Como Santa Catarina, a Rua de Sá da Bandeira revela uma ocupação mais facilmente associável com o centro de comércio da cidade, que outras radiais como Bonjardim ou Santo Ildefonso, com as suas casas de vestuário, tecidos e artigos musicais e um grande número de livrarias e papelarias, estando quase ausentes as mercearias, os talhos e as padarias.
Na periferia, a ocupação funcional era manifestamente rarefeita, constituindo excepção as ruas de Costa Cabral (com notável diversidade no âmbito dos conjuntos Alimentação e Equipamento da Pessoa) e do Freixo (quase só com mercearias).
Neste cenário, em que a periferia se marca por um muito deficiente aparelho comercial, a Foz, como se disse, constituía um caso excepcional. Este núcleo populacional que, aparte o que era então identificável com a cidade Porto, era o principal agrupamento habitacional no que é hoje o território municipal, possuía em finais do século passado 3777 habitantes, aos quais se somavam, nos meses de Verão (entre Julho e Outubro), os muitos que vinham da cidade ou do interior do país, a banhos, em busca da amenidade conferida pela proximidade do mar, ou simplesmente para acompanhar as exigências da moda.
A Rua Central (do Padre Luís Cabral), a de Senhora da Luz e a Esplanada do Castelo, concentravam a maioria dos estabelecimentos que aqui existiam. A diversidade funcional é assinalável, merecendo destaque as unidades que o Verão, o mar, os banhos ou a moda justificavam, numa Foz que, de pequena povoação «...  agrupada à ilharga do Castelo, habitada (...) quase só por humildes pescadores...», se havia tornado  cosmopolita, dotada de bons hotéis (o da Boa-Vista e a antiga «pension-house» de Mary de Castro ainda se  mantém), cafés, confeitarias e restaurantes e servida por médicos, casas de banhos e numerosas sociedades de recreio”.
Fonte: José Alberto Rio Fernandes, In “O Tripeiro” - 7ª Série (Série Nova) Ano X/Nº12, 1991



Em muitos casos, no século XIX, na cidade do Porto, um comerciante exercia vários ofícios no seu estabelecimento.
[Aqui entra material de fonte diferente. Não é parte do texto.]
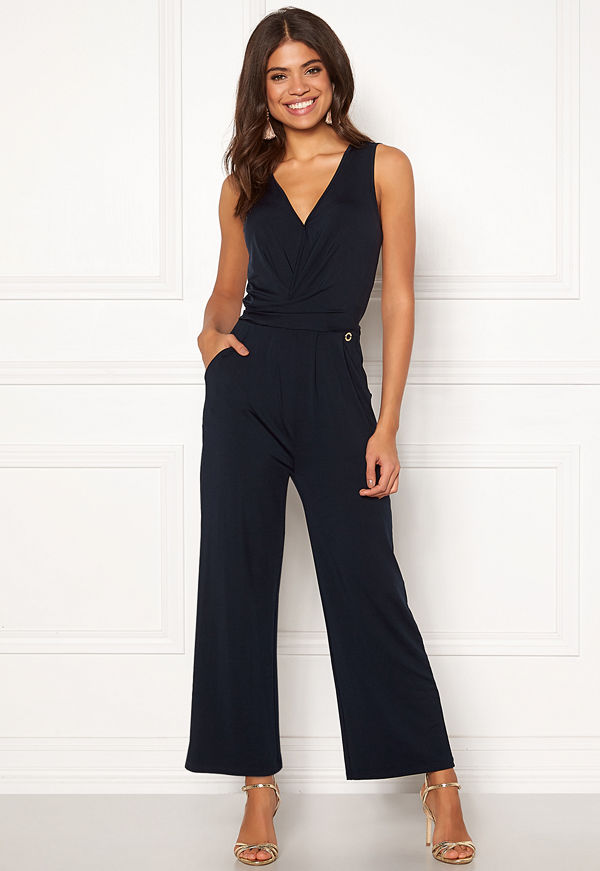 Happy Holly Iman jumpsuit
Fonte: José Alberto Rio Fernandes, In “O Tripeiro” - 7ª Série (Série Nova) Ano X/Nº12, 1991

 
 
Entretanto, os empregados do comércio começavam, na última década do século XIX, uma luta, que seria longa, para o fecho das lojas aos Domingos.
Assim, o descanso semanal só seria instituído, oficialmente, pelo Decreto n.º 24 402, de 1934.